→ **Your assignment**
I need the entries printed again word for word, without the images.

→ **Supplied records**
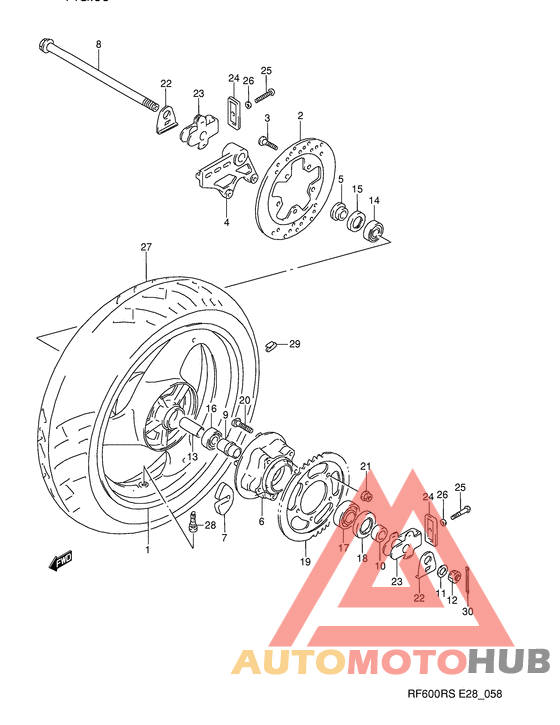 Rear wheel complete assy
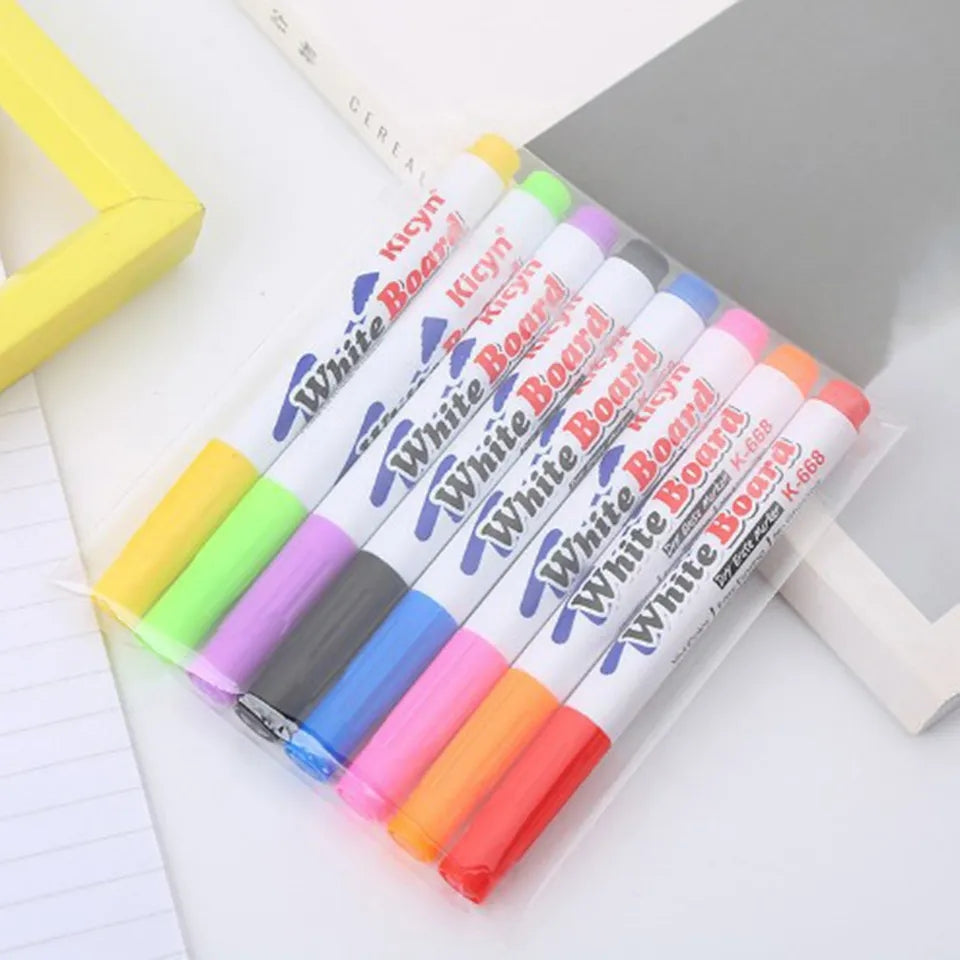 Magical water painting pen color mark pen marker floating.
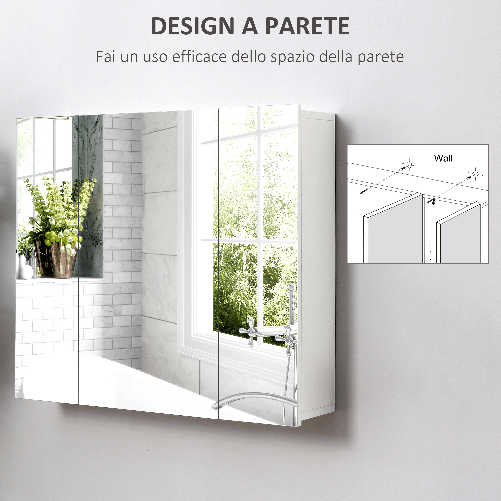 kleankin-Armadietto-Bagno-con-3-Ante-Specchiate-e-Ripiani-Regolabili-70x15x60cm-Bianco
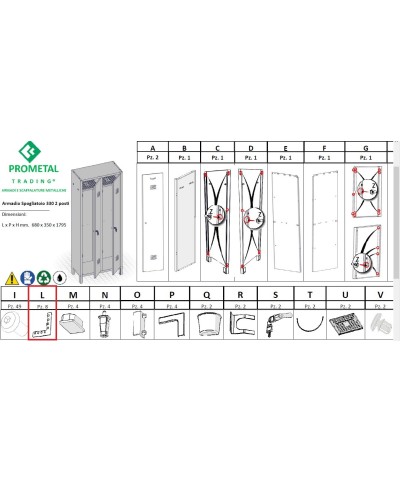 Ferramenta1.com | R particolare (lx8 )xarmadio spogliatoio a 2 posti in kit c/serratura - CF 1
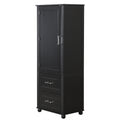 Tall Bathroom Storage Cabinet, Freestanding Storage Cabinet With Two Drawers And Adjustable Shelf, Mdf Board With Painted Finish, Black Black Mdf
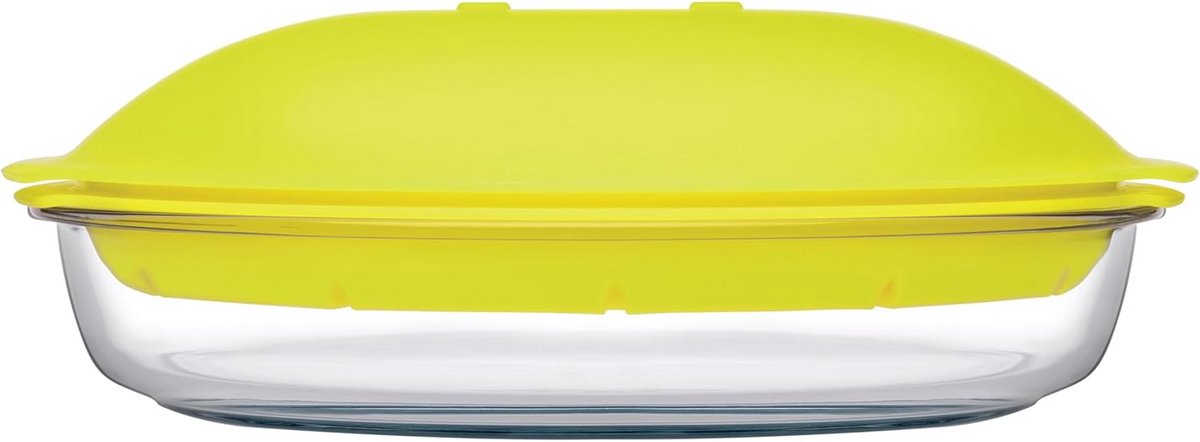 Magnetron Stoomkoker van Glas met Deksel Geel 1.8 Liter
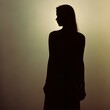 Silhouette of a young beautiful woman in backlight ai Generated, generative AI, CGI graphics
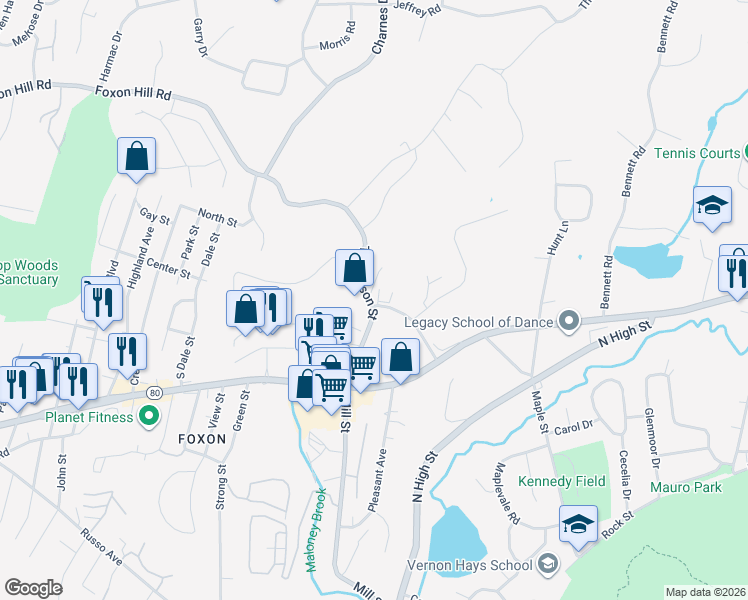map of restaurants, bars, coffee shops, grocery stores, and more near 107 Thompson Street in East Haven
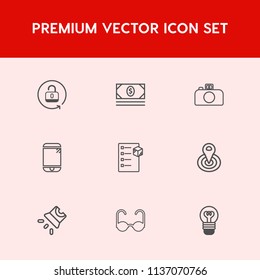 Modern, simple vector icon set on red background with sunglasses, location, lamp, protection, safety, glasses, finance, package, screen, padlock, electricity, bank, radius, cash, fashion, cell icons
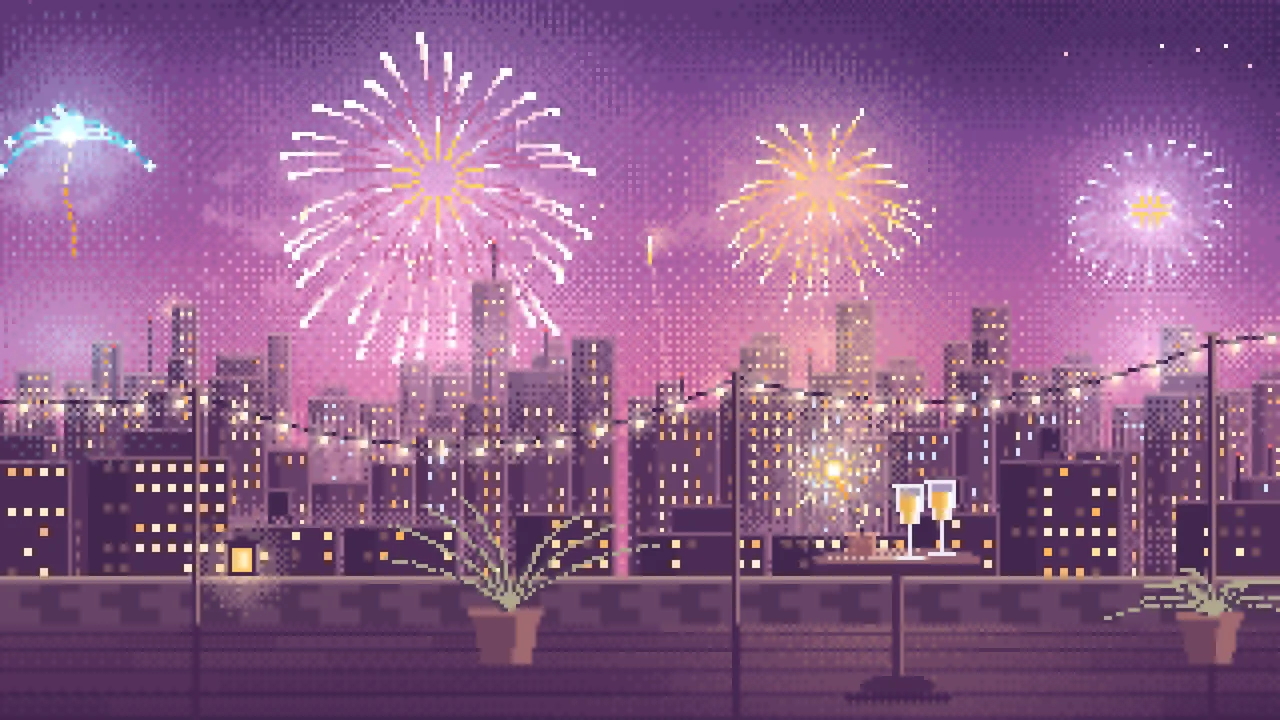 Pink Pixel Art New Year Rooftop Fireworks desktop wallpaper in 4K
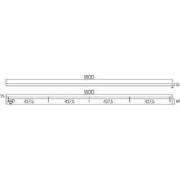 Losse opbouw basis voor pendels 5x, wit, 180cm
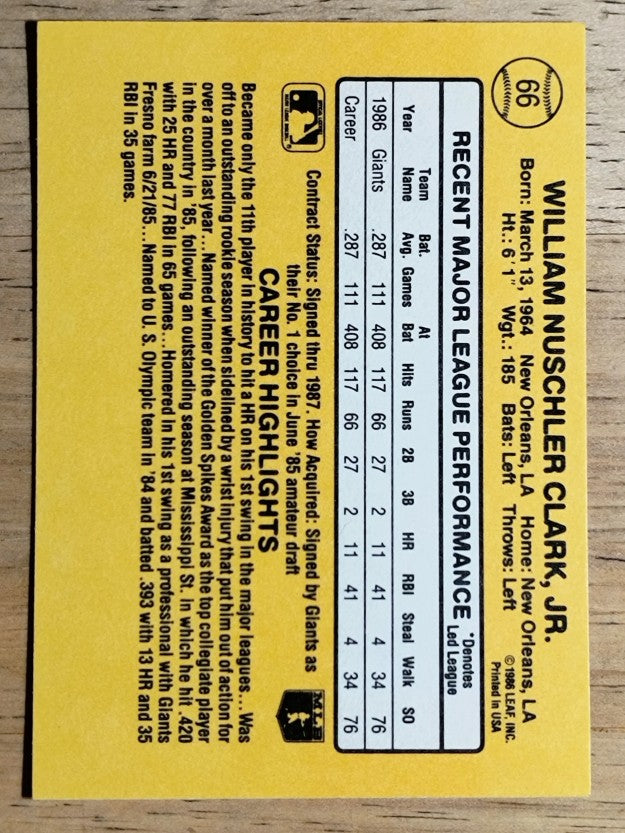1987 Donruss #66 Will Clark RC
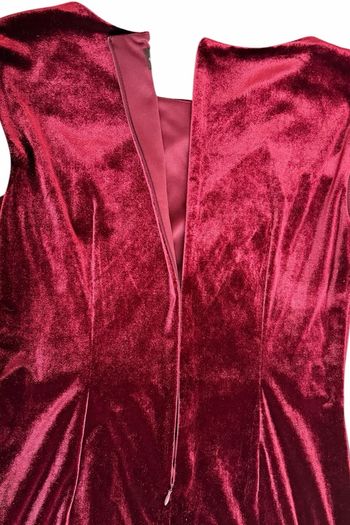 red velvet dress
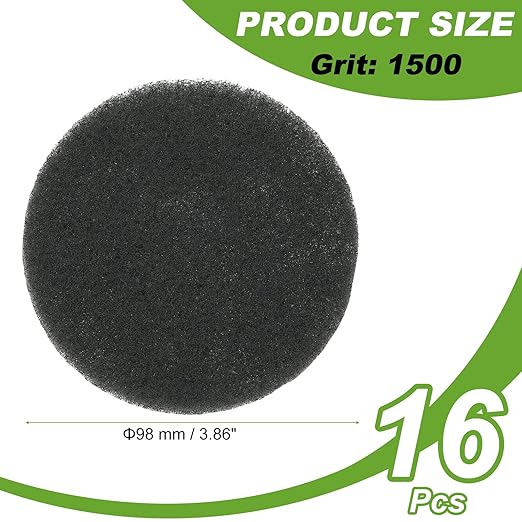 Power Scrub Pads, Scrubbing Pads 1500 Grits Scouring Discs - Fitting for (Home Kitchen Cleaning - Drill Attachment - Scrubber Replacement) 16 Pcs & 4 Inch & Green-Gray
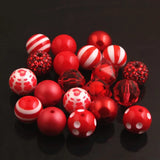 20mm Red Acrylic Beads 50pcs Mixed Style Beads Bubblegum Chunky Necklace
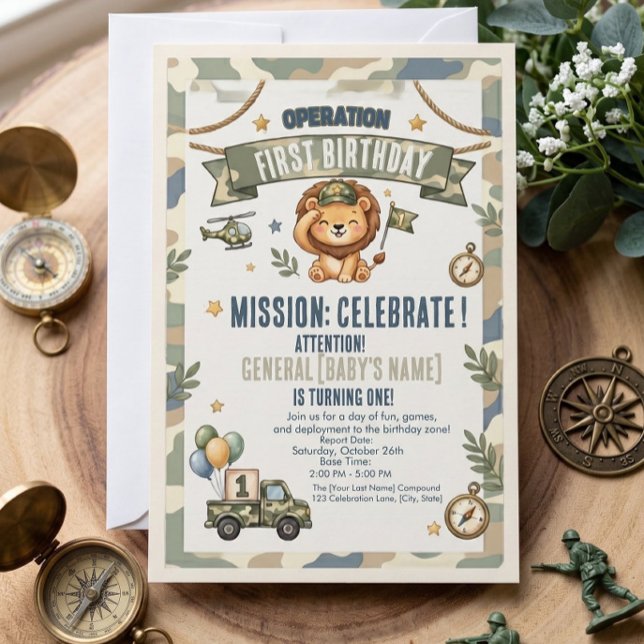Operation First Birthday Military Party Invite (Operation First Birthday Invitation | Camo Military 1st Birthday Party Invite)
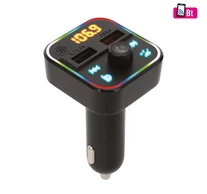 SAL FMBT 18RGB autós kihangosító és töltő, 5 in 1, FM modulátor, dupla USB gyorstöltő, feszültségmérő, basszus-kiemelés gomb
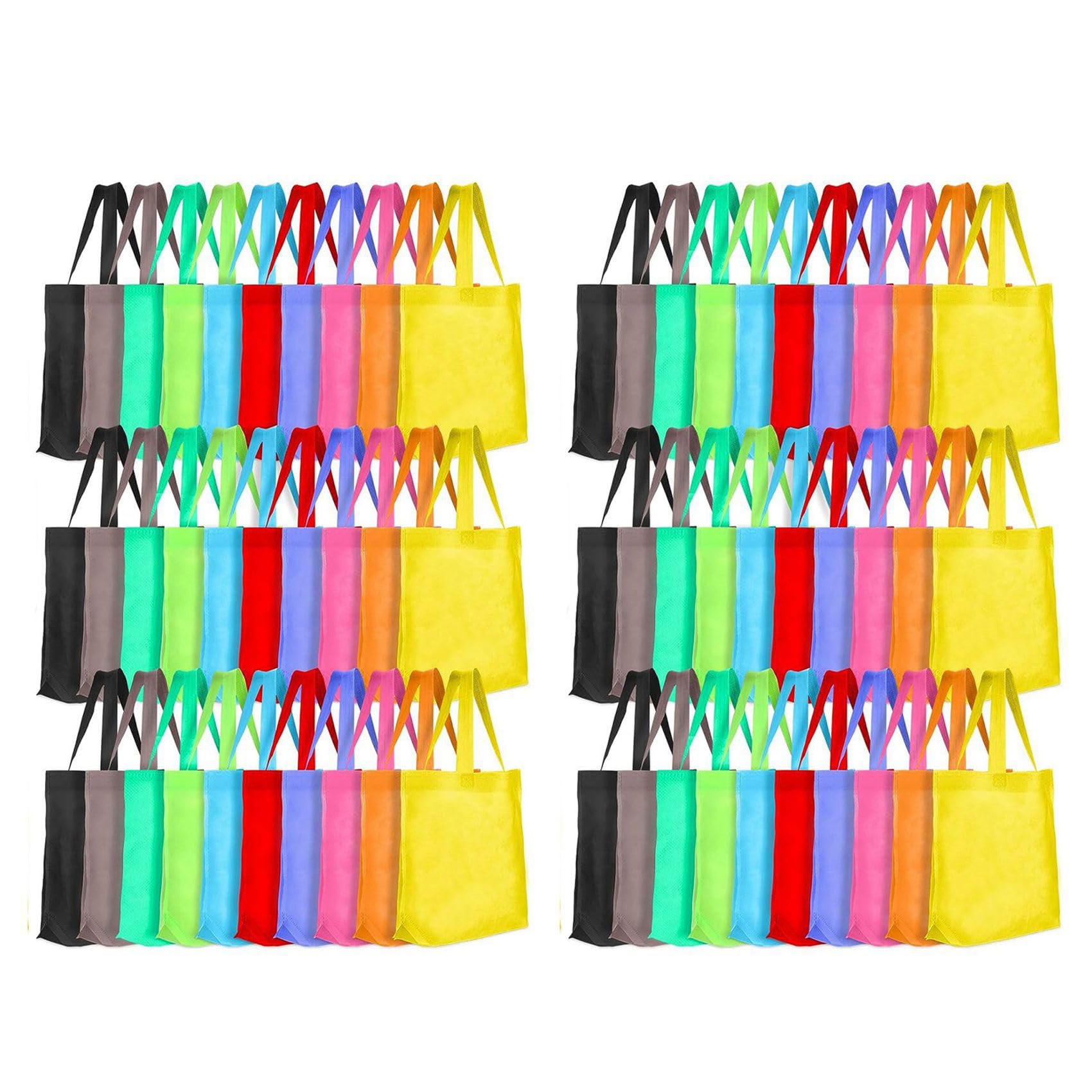 Lot de 100 sacs réutilisables non tissés multicolores et vierges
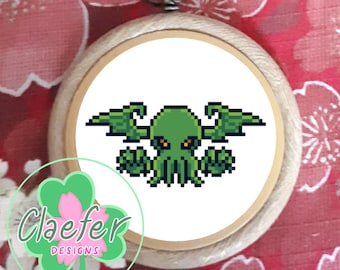 Mini Cthulu cross stitch - Cross stitch PDF pattern - easy quick beginner friendly project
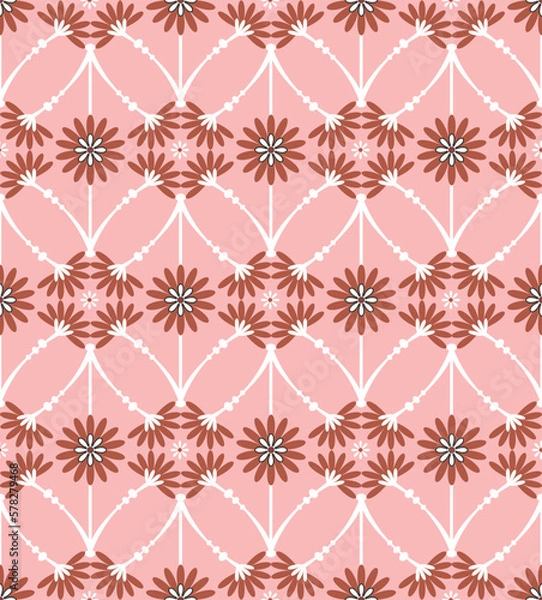 Obraz Abstract Tile Style Decorative Flowers Branches Seamless Vector Pattern Trendy Fashion Colors Perfect for Allover Fabric Print or Wrapping Paper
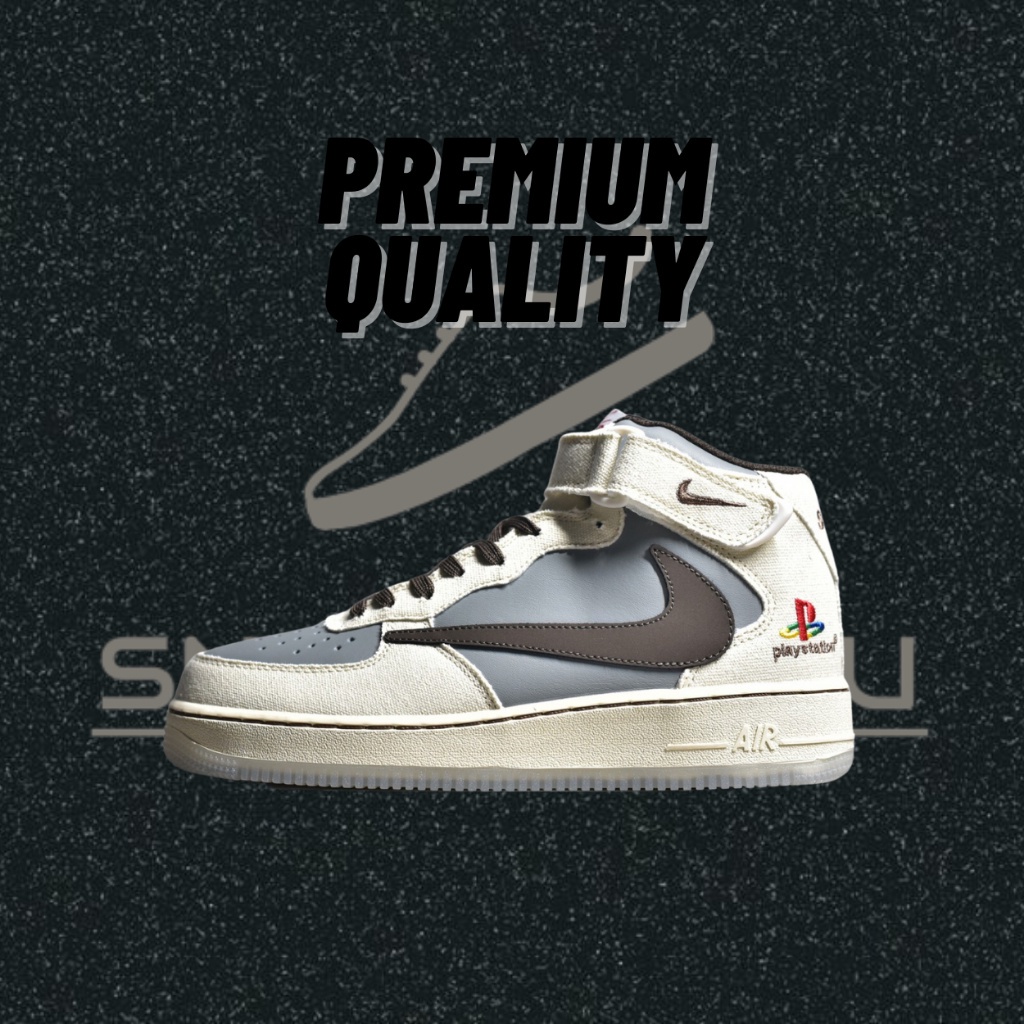[Premium] PlayStation PS5 X Travis Scott X Nike Air Force 1 AF1 Mid Casual High Top Sneakers รองเท้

→ **Answer space**
 Rear wheel complete assy
 Magical water painting pen color mark pen marker floating.
 kleankin-Armadietto-Bagno-con-3-Ante-Specchiate-e-Ripiani-Regolabili-70x15x60cm-Bianco
 Ferramenta1.com | R particolare (lx8 )xarmadio spogliatoio a 2 posti in kit c/serratura - CF 1
 Tall Bathroom Storage Cabinet, Freestanding Storage Cabinet With Two Drawers And Adjustable Shelf, Mdf Board With Painted Finish, Black Black Mdf
 Magnetron Stoomkoker van Glas met Deksel Geel 1.8 Liter
 Silhouette of a young beautiful woman in backlight ai Generated, generative AI, CGI graphics
map of restaurants, bars, coffee shops, grocery stores, and more near 107 Thompson Street in East Haven
 Modern, simple vector icon set on red background with sunglasses, location, lamp, protection, safety, glasses, finance, package, screen, padlock, electricity, bank, radius, cash, fashion, cell icons
 Pink Pixel Art New Year Rooftop Fireworks desktop wallpaper in 4K
 Losse opbouw basis voor pendels 5x, wit, 180cm
1987 Donruss #66 Will Clark RC
 red velvet dress
 Power Scrub Pads, Scrubbing Pads 1500 Grits Scouring Discs - Fitting for (Home Kitchen Cleaning - Drill Attachment - Scrubber Replacement) 16 Pcs & 4 Inch & Green-Gray
 20mm Red Acrylic Beads 50pcs Mixed Style Beads Bubblegum Chunky Necklace
Operation First Birthday Military Party Invite (Operation First Birthday Invitation | Camo Military 1st Birthday Party Invite)
 SAL FMBT 18RGB autós kihangosító és töltő, 5 in 1, FM modulátor, dupla USB gyorstöltő, feszültségmérő, basszus-kiemelés gomb
 Lot de 100 sacs réutilisables non tissés multicolores et vierges
 Mini Cthulu cross stitch - Cross stitch PDF pattern - easy quick beginner friendly project
 Obraz Abstract Tile Style Decorative Flowers Branches Seamless Vector Pattern Trendy Fashion Colors Perfect for Allover Fabric Print or Wrapping Paper
[Premium] PlayStation PS5 X Travis Scott X Nike Air Force 1 AF1 Mid Casual High Top Sneakers รองเท้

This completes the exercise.